• [WORK INSTRUCTION] Nothing but the lines from the first line of the entries through the line with "ZX Vintage European Lady Stickers 14PCS" should appear in the answer, transcribed exactly and free of pictures.

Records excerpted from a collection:
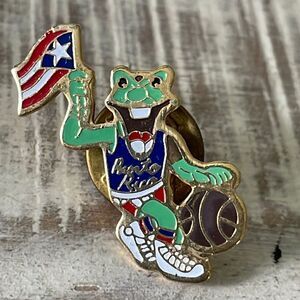 Vintage enamel Puerto Rican basketball frog pin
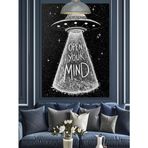 Open Your Mind Yazılı Uzay Gemisi Dekoratif Kanvas - Mdf Ahşap Tablo
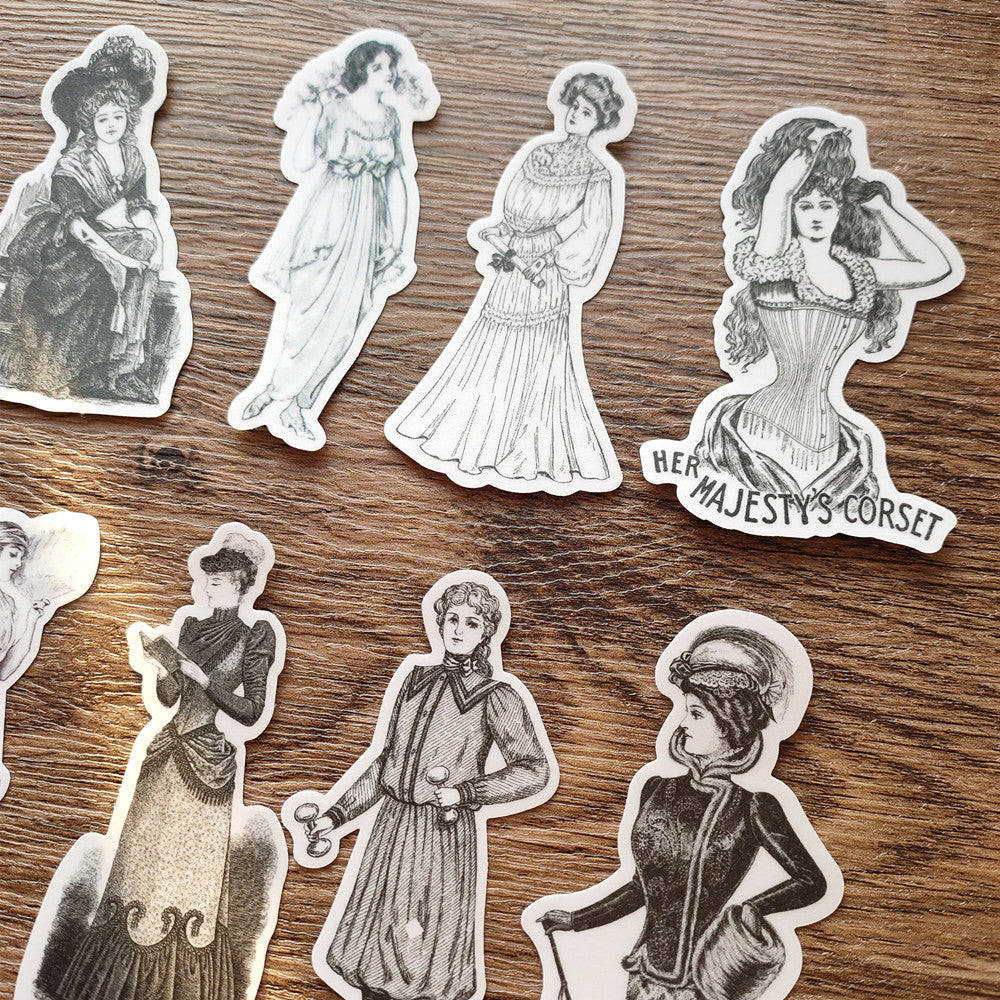 ZX Vintage European Lady Stickers 14PCS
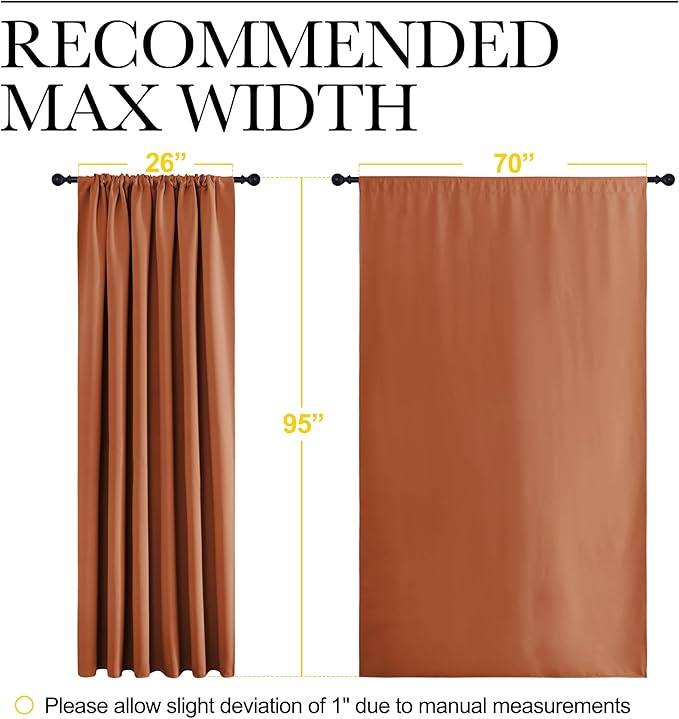 NICETOWN 2 Panels Blackout Curtains, Rod Pocket Thermal Insulated Drapess for Bedroom, Privacy Protection Easy-Care Heavy Duty Curtains for Living Room/Dining Room, W70 x L95 inches, Burnt Orange - Image 6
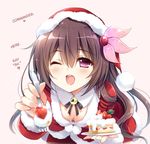  10s 1girl ;o bangs bent_over black_ribbon breasts brown_hair cake christmas cleavage crescent downblouse dress eyebrows_visible_through_hair eyelashes fingernails food fork fruit fur_trim hair_between_eyes hair_ornament hard_translated hat heart holding holding_fork holding_plate kantai_collection kisaragi_(kantai_collection) long_hair long_sleeves looking_at_viewer neck_ribbon one_eye_closed open_mouth plate pom_pom_(clothes) pov_feeding purple_eyes red_dress red_hat ribbon santa_costume santa_hat shiny shiny_hair simple_background small_breasts solo sparkle strawberry suzui_narumi translated 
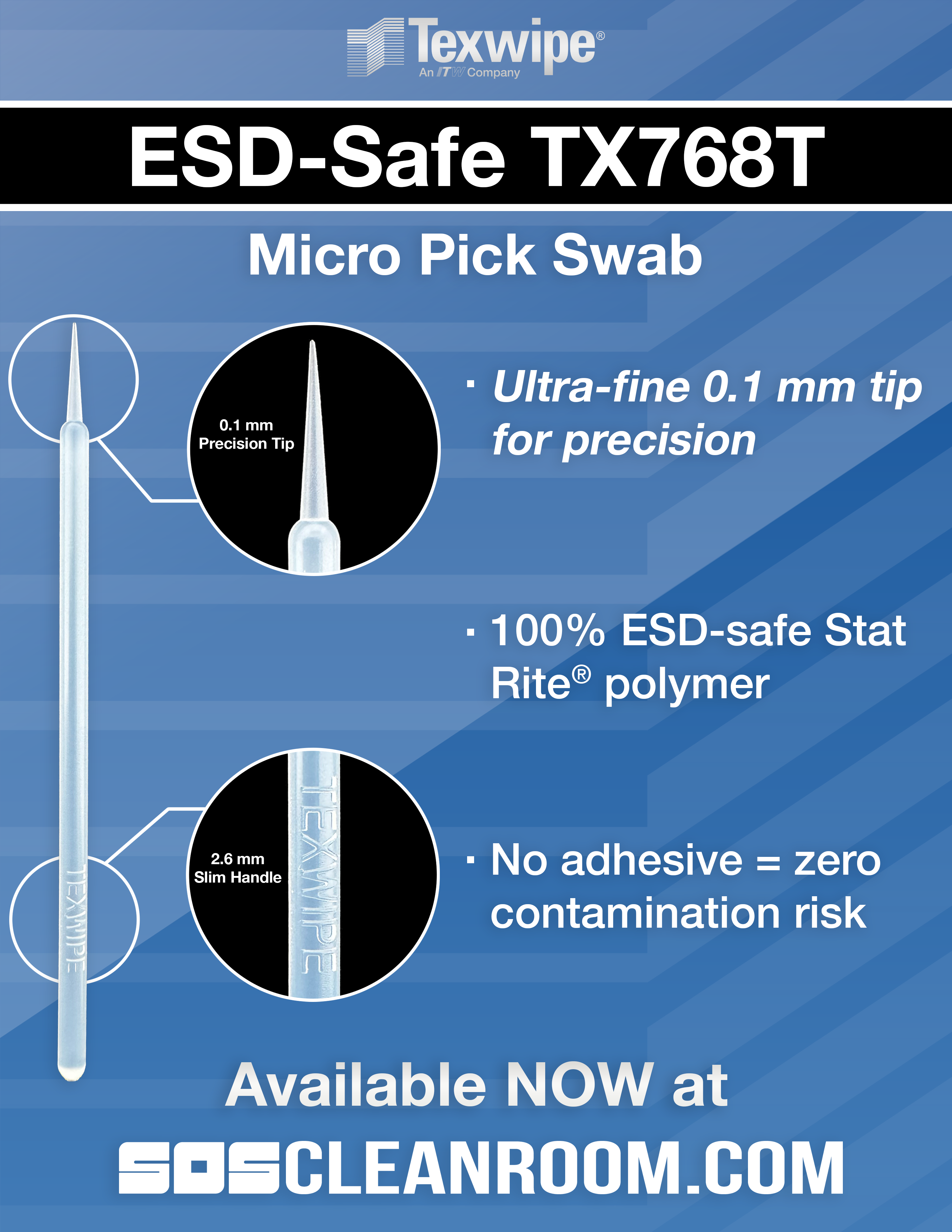 Texwipe TX768T ESD-Safe Micro Pick Swab 0.1mm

• [COMPLETED TASK]
 Vintage enamel Puerto Rican basketball frog pin
 Open Your Mind Yazılı Uzay Gemisi Dekoratif Kanvas - Mdf Ahşap Tablo
 ZX Vintage European Lady Stickers 14PCS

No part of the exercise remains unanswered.